### The problem
Only the text of the records, copied exactly, is wanted; no pictures.

### Data to examine
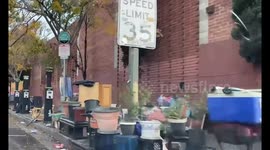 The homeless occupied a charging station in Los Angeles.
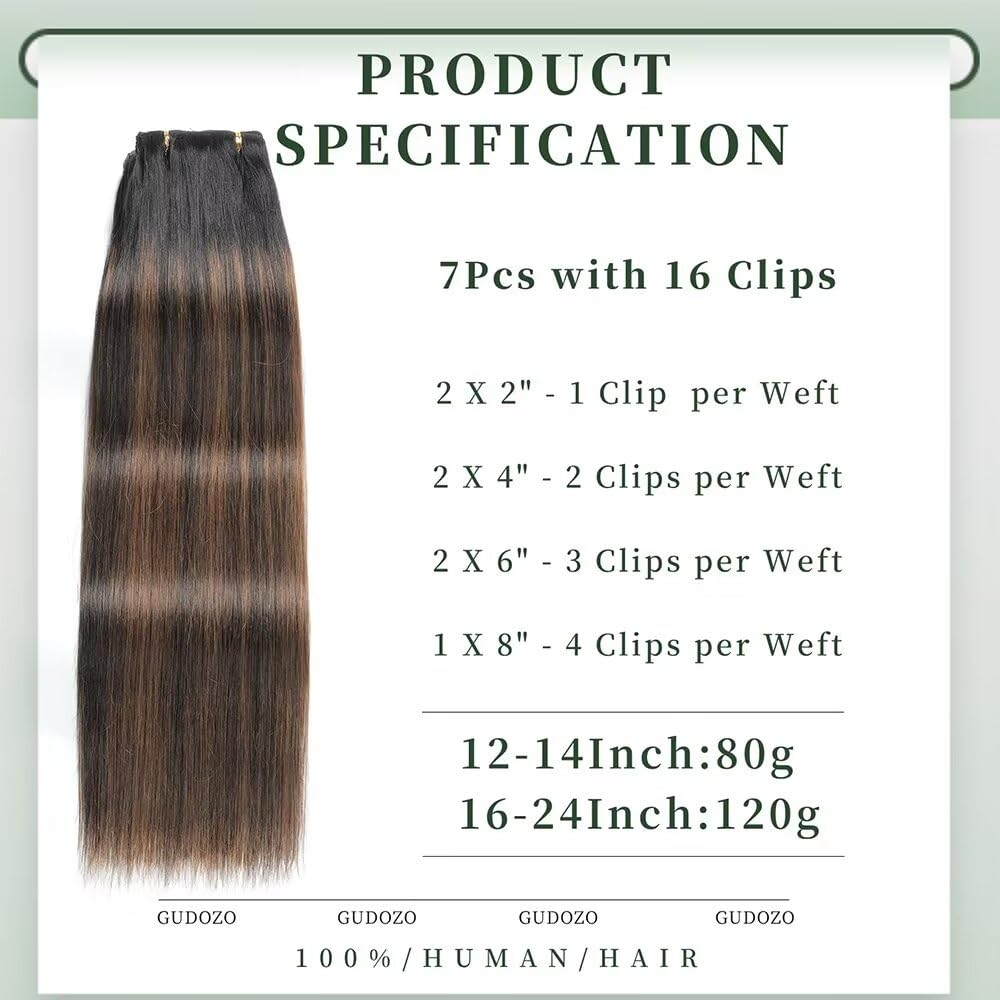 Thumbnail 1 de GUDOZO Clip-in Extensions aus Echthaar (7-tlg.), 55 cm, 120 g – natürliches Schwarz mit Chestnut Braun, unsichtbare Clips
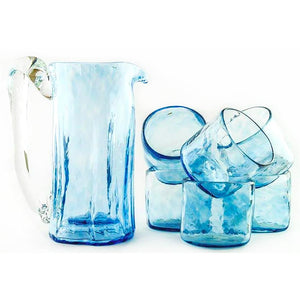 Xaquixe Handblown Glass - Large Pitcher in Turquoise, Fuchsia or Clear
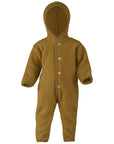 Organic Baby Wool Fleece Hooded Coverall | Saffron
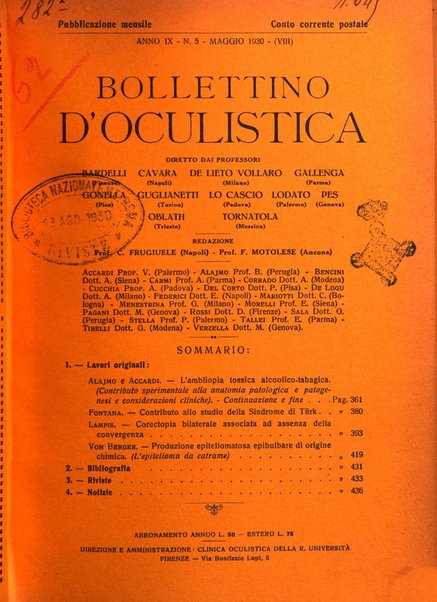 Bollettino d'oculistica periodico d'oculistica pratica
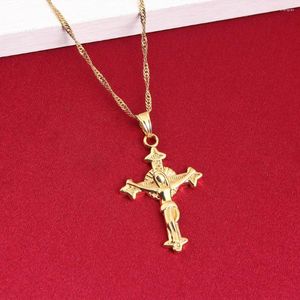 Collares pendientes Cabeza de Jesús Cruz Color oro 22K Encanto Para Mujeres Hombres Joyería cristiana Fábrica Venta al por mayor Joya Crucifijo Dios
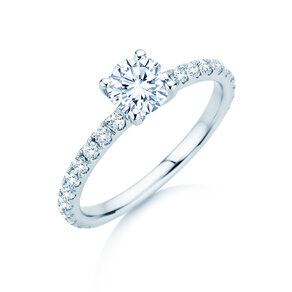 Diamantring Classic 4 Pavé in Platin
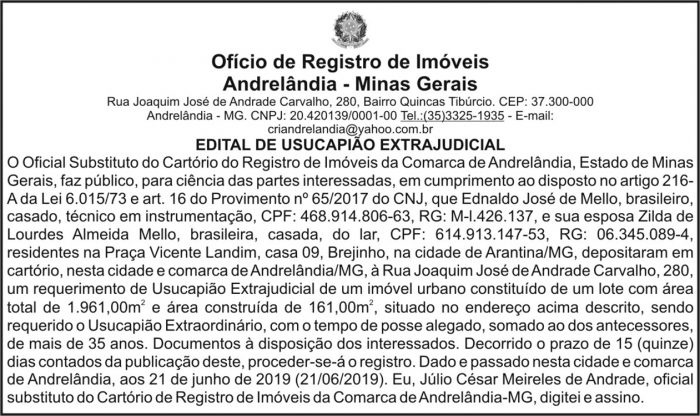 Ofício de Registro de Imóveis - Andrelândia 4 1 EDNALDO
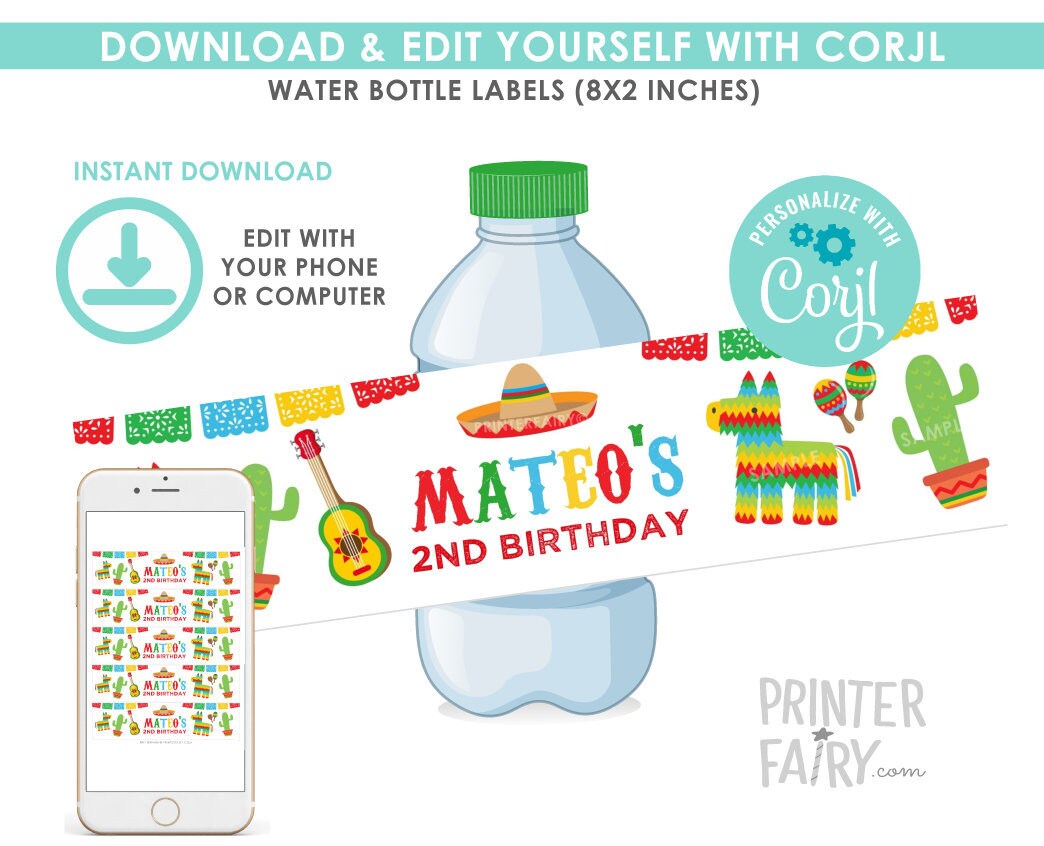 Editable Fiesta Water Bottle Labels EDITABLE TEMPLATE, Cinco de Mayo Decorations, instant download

### Task solution
 The homeless occupied a charging station in Los Angeles.
 Thumbnail 1 de GUDOZO Clip-in Extensions aus Echthaar (7-tlg.), 55 cm, 120 g – natürliches Schwarz mit Chestnut Braun, unsichtbare Clips
 Xaquixe Handblown Glass - Large Pitcher in Turquoise, Fuchsia or Clear
 Organic Baby Wool Fleece Hooded Coverall | Saffron
 Bollettino d'oculistica periodico d'oculistica pratica
 Collares pendientes Cabeza de Jesús Cruz Color oro 22K Encanto Para Mujeres Hombres Joyería cristiana Fábrica Venta al por mayor Joya Crucifijo Dios
 Diamantring Classic 4 Pavé in Platin
 Ofício de Registro de Imóveis - Andrelândia 4 1 EDNALDO
 Editable Fiesta Water Bottle Labels EDITABLE TEMPLATE, Cinco de Mayo Decorations, instant download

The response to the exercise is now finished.